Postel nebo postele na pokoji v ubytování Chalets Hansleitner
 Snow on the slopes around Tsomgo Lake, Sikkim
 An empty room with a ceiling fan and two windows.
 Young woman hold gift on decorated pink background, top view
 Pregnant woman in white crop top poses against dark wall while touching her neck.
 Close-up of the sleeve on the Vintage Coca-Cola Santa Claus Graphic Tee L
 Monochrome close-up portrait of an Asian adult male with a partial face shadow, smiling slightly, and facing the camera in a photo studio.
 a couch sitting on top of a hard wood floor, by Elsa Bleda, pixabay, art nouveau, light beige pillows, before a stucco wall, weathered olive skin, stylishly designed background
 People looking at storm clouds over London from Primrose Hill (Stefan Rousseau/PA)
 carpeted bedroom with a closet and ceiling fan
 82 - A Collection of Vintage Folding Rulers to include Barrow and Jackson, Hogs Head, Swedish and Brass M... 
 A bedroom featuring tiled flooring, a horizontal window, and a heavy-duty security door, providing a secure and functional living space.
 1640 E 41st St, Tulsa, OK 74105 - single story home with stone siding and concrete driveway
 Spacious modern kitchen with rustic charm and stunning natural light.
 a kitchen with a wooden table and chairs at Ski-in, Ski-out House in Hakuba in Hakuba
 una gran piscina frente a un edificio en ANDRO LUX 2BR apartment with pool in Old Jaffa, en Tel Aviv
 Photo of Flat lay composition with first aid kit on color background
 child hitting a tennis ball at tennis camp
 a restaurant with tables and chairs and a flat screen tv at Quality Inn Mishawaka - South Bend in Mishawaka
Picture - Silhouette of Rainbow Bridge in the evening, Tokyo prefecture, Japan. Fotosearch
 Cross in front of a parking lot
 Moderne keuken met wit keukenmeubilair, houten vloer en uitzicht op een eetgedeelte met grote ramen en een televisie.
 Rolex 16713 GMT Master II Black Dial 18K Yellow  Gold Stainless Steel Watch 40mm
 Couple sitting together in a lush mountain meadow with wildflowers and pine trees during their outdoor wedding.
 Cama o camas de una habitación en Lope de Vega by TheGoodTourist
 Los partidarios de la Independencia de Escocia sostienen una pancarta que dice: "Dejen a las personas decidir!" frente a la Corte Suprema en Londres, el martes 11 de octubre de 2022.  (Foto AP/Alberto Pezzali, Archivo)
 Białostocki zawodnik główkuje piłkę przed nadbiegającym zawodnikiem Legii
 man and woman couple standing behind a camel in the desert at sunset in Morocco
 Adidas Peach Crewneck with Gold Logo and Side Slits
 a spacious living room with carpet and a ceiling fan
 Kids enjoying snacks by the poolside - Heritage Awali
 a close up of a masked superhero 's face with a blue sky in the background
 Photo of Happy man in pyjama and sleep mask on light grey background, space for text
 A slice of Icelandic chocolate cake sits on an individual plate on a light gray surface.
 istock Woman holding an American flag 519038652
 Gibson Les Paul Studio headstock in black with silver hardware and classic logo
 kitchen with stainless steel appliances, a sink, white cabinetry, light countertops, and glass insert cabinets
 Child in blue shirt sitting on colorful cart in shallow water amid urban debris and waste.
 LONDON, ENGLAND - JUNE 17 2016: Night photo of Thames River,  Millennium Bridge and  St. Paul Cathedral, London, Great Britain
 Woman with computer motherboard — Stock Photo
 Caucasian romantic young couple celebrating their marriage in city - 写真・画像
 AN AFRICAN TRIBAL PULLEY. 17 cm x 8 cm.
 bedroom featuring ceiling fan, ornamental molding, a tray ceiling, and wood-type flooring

◆ ◆ ◆ ◆ ◆ ◆ ◆

* **PROMPT**
Reproducing the whole listing above is not the task. Copy exactly only the lines from the one with "child hitting a tennis ball at tennis camp" to the one with "Picture - Silhouette", both kept.

* **EXPECTED ANSWER**
 child hitting a tennis ball at tennis camp
 a restaurant with tables and chairs and a flat screen tv at Quality Inn Mishawaka - South Bend in Mishawaka
Picture - Silhouette of Rainbow Bridge in the evening, Tokyo prefecture, Japan. Fotosearch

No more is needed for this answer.